▸ Directions for this task
The required output is the line with "Used 2026 Mercedes" plus all lines that follow it to the end of the listing below, written out exactly, with no pictures.

+++++

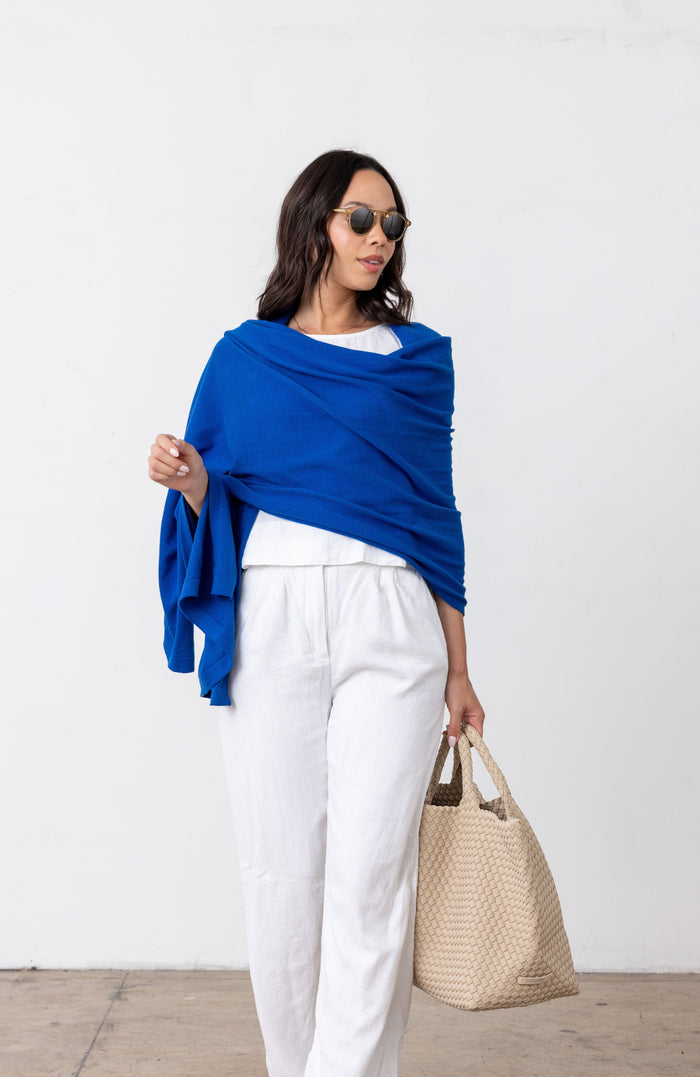 The Dreamsoft Travel Scarf January Collection 2026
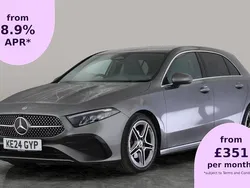 Used 2026 Mercedes A200 Executive Hatchback | £23,797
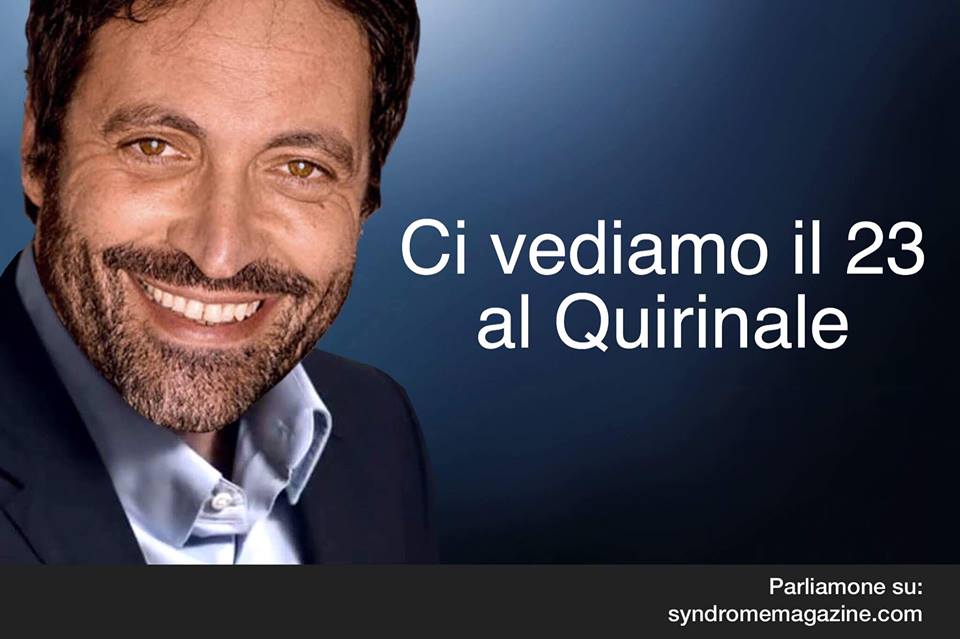 La macchina del fango contro Uomo Conad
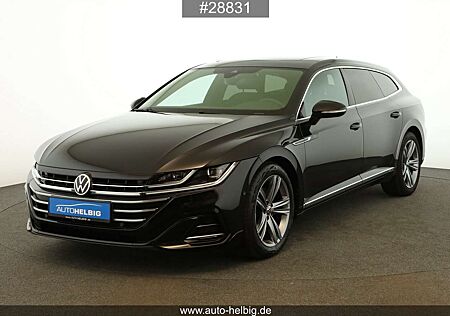VW Arteon Volkswagen Shooting Brake 2.0 TSI R-Line #AHK#Matrix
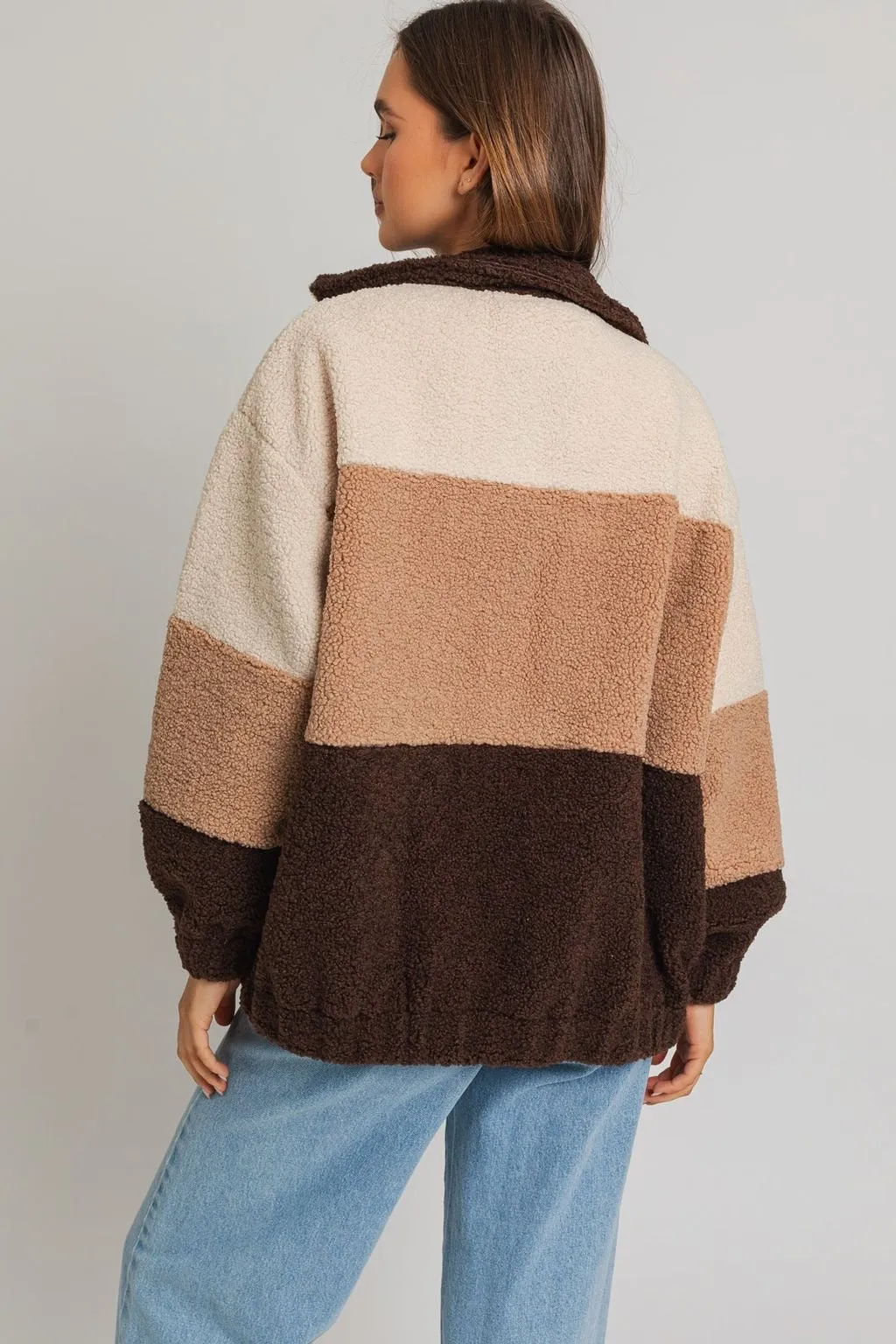 Chestnut Sherpa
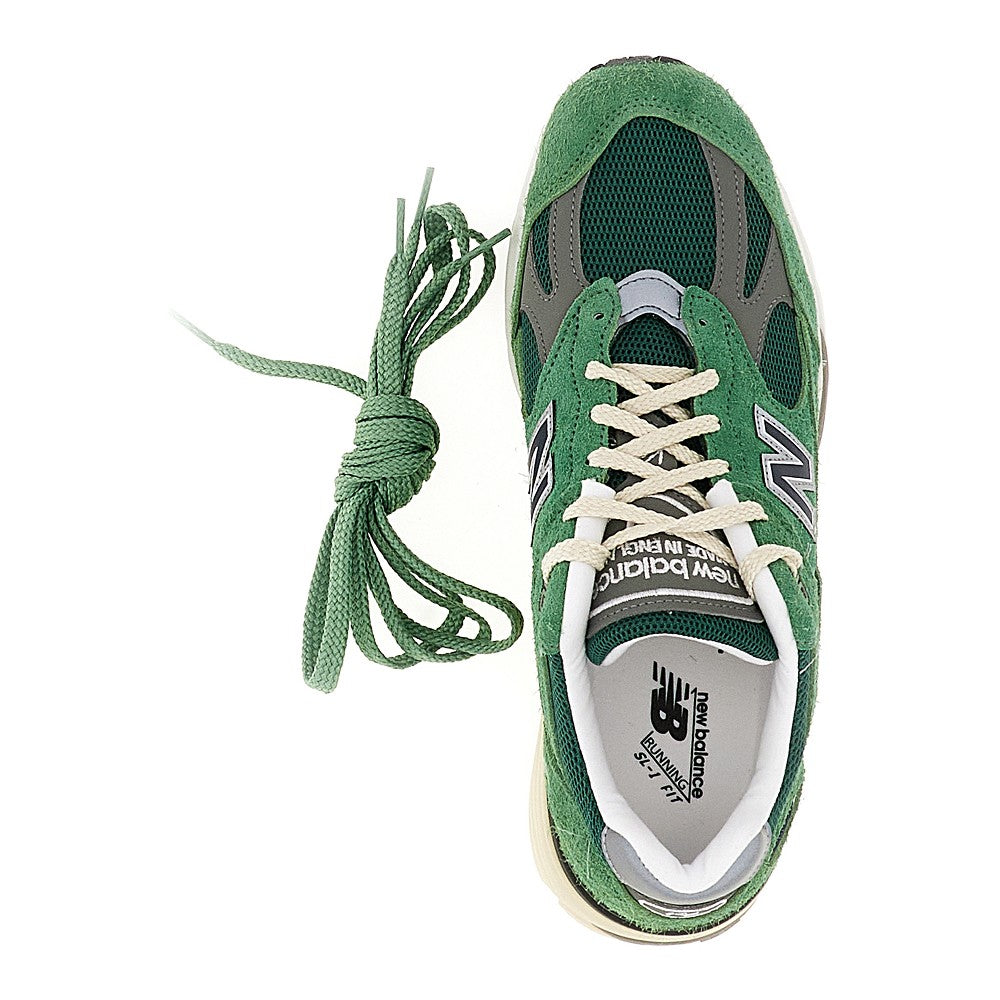 Sneakers Made in UK 991v2 Grounded Pastels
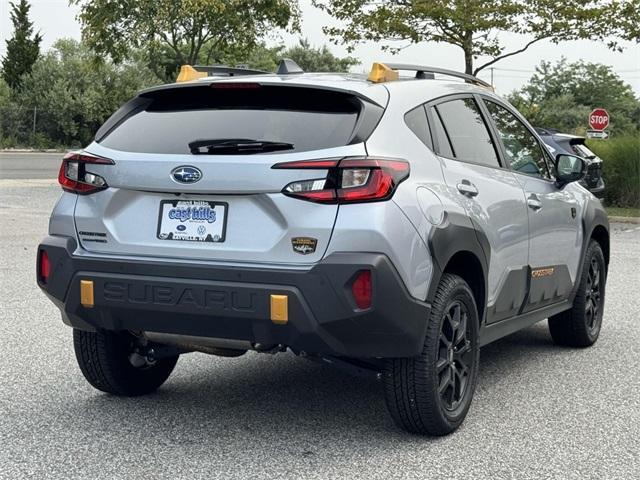 used 2024 Subaru Crosstrek car, priced at $28,856
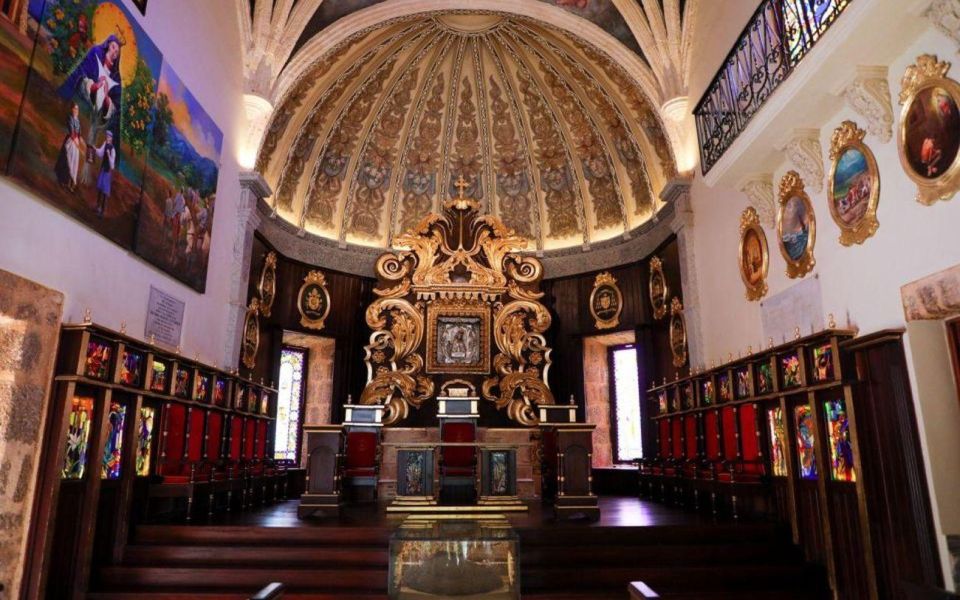 Half-Day Higuey City Tour From Punta Cana With Pickup - Explore Higueys Architecture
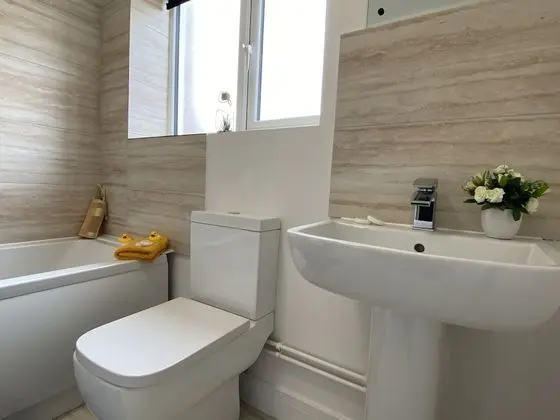 Apart Daire, Özel Banyo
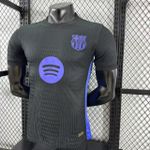 Camisa Barcelona Jogador Special Edition 25/26 - Preta - Masculina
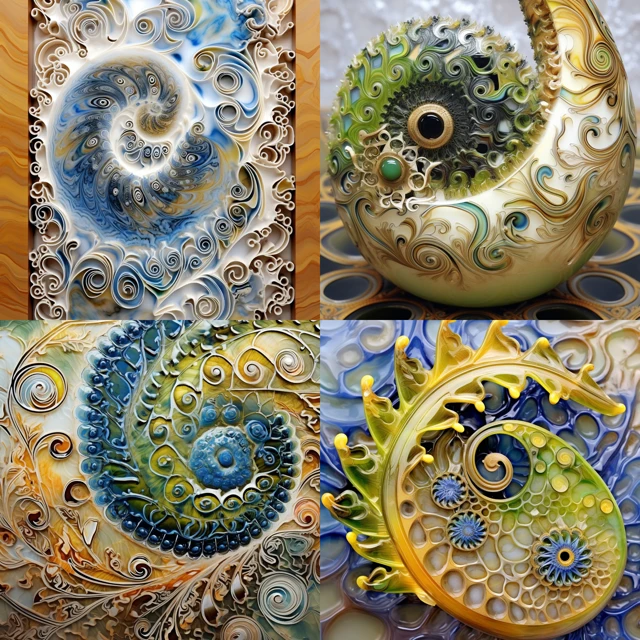 image of a specific style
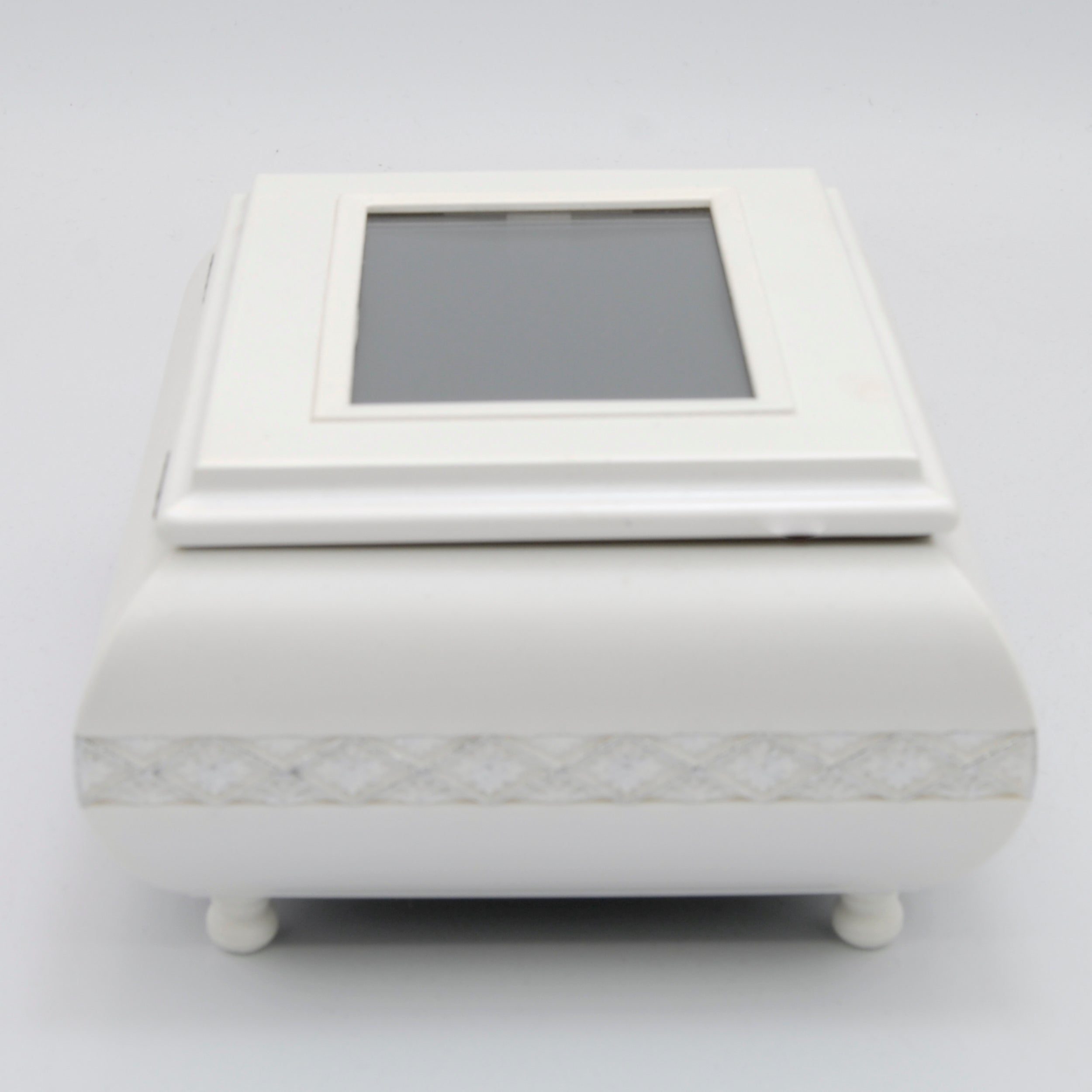 Love Do All Things White Music Box- "Unchained Melody" Tune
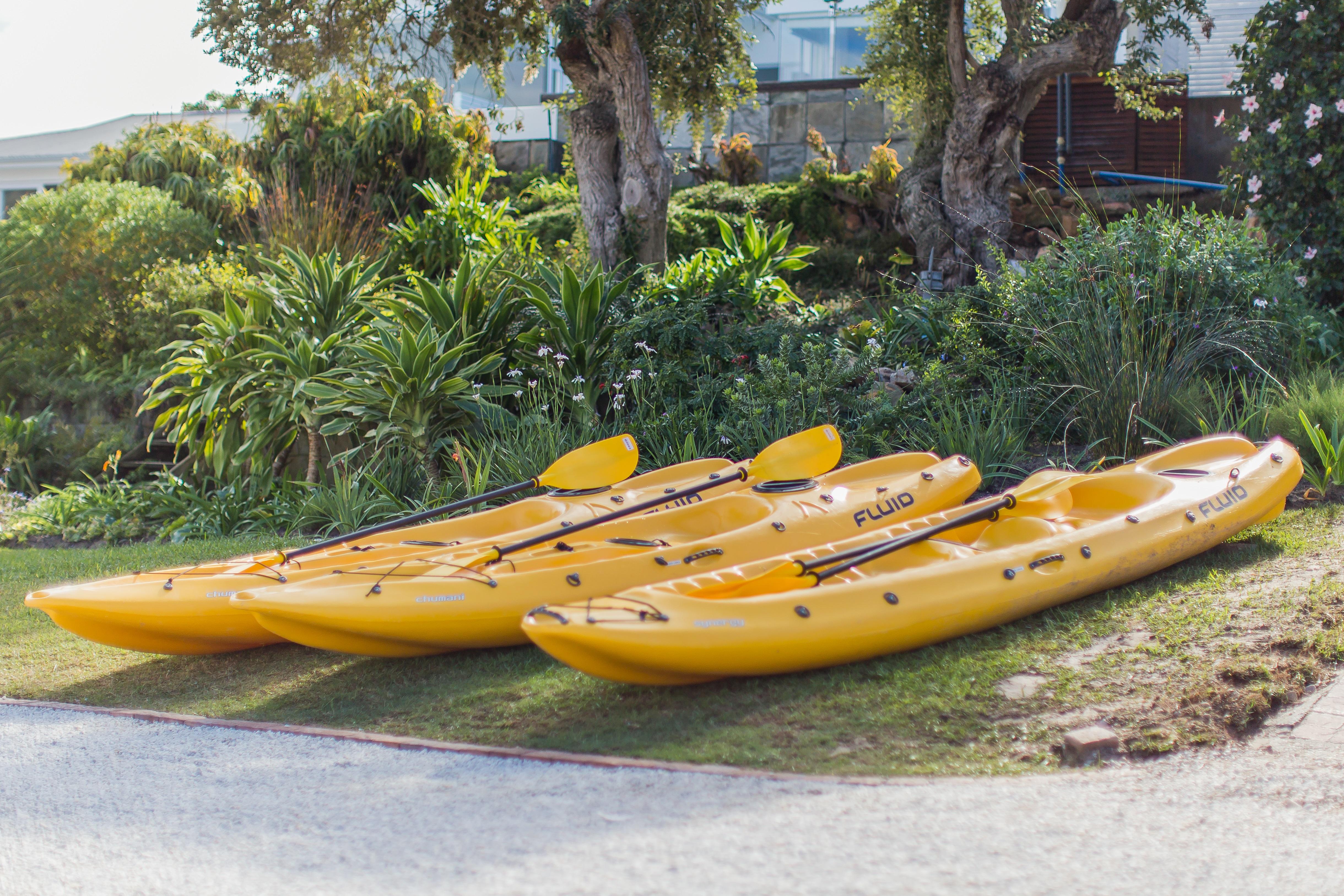 Amanzi Island Boutique Hotel Knysna Exterior photo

+++++

▸ Answer for this exercise
 Used 2026 Mercedes A200 Executive Hatchback | £23,797
 La macchina del fango contro Uomo Conad
VW Arteon Volkswagen Shooting Brake 2.0 TSI R-Line #AHK#Matrix
 Chestnut Sherpa
 Sneakers Made in UK 991v2 Grounded Pastels
 used 2024 Subaru Crosstrek car, priced at $28,856
 Half-Day Higuey City Tour From Punta Cana With Pickup - Explore Higueys Architecture
 Apart Daire, Özel Banyo
 Camisa Barcelona Jogador Special Edition 25/26 - Preta - Masculina
 image of a specific style
 Love Do All Things White Music Box- "Unchained Melody" Tune
 Amanzi Island Boutique Hotel Knysna Exterior photo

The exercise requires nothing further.